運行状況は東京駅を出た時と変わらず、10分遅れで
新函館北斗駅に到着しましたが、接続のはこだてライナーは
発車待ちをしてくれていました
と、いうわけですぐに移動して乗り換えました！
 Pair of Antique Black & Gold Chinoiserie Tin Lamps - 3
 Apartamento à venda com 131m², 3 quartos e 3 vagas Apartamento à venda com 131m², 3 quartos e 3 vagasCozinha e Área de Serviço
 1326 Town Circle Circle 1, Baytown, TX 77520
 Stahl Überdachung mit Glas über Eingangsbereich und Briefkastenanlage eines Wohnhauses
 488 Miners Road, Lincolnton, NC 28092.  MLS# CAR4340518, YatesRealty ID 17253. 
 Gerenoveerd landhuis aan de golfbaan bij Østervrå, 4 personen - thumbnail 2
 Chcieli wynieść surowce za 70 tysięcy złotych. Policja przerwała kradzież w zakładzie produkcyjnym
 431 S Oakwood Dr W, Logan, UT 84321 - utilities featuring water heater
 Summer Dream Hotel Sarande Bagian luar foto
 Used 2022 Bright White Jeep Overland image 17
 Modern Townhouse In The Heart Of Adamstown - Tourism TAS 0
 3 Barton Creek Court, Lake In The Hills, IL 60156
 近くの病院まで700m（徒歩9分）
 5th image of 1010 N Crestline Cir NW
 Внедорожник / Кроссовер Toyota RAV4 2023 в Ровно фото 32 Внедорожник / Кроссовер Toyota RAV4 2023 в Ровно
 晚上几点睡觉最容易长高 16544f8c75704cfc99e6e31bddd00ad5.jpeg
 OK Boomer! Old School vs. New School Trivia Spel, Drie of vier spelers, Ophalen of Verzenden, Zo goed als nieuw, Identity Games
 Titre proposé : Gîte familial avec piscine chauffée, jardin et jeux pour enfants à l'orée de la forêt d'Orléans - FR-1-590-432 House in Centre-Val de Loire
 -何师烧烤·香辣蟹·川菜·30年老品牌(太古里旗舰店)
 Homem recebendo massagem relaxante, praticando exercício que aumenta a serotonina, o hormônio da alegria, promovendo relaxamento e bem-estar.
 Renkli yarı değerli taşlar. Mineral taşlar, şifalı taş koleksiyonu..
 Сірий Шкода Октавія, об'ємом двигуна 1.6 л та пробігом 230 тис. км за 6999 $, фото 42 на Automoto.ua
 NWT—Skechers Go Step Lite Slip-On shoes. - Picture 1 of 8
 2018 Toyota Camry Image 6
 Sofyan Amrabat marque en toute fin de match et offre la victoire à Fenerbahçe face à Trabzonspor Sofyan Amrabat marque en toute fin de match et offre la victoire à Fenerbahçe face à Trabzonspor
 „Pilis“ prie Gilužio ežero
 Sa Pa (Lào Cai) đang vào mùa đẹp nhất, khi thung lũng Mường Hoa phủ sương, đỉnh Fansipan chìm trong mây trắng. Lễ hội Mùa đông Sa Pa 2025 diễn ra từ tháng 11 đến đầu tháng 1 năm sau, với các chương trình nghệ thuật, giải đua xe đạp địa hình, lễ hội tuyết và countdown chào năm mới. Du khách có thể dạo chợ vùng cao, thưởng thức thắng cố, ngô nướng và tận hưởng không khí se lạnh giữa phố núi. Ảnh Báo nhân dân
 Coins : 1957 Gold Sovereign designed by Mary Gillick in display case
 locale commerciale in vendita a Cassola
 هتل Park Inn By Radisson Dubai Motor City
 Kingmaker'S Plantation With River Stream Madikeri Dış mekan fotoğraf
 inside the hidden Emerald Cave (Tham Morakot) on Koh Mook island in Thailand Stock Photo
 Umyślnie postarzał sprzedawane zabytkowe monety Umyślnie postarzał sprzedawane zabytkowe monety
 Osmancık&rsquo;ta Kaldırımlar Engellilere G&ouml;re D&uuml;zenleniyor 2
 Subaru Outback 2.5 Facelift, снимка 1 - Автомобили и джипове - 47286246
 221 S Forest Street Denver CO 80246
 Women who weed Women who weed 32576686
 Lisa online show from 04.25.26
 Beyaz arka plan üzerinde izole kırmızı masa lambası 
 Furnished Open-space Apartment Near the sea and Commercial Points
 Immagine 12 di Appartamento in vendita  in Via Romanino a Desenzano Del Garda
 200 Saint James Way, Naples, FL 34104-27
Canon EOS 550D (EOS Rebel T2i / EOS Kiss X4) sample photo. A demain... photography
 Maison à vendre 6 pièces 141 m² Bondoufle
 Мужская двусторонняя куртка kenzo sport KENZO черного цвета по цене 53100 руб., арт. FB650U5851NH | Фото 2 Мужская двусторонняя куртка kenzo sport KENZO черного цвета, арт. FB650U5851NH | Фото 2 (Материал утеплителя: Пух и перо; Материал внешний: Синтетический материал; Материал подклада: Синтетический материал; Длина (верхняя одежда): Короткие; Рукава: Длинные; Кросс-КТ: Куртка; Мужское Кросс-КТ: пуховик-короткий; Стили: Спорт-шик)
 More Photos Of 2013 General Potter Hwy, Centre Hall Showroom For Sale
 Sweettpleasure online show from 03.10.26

::::

Activity:
Reproduce each line from the records that contains the word "Centre".

Answer to the exercise:
 Titre proposé : Gîte familial avec piscine chauffée, jardin et jeux pour enfants à l'orée de la forêt d'Orléans - FR-1-590-432 House in Centre-Val de Loire
 More Photos Of 2013 General Potter Hwy, Centre Hall Showroom For Sale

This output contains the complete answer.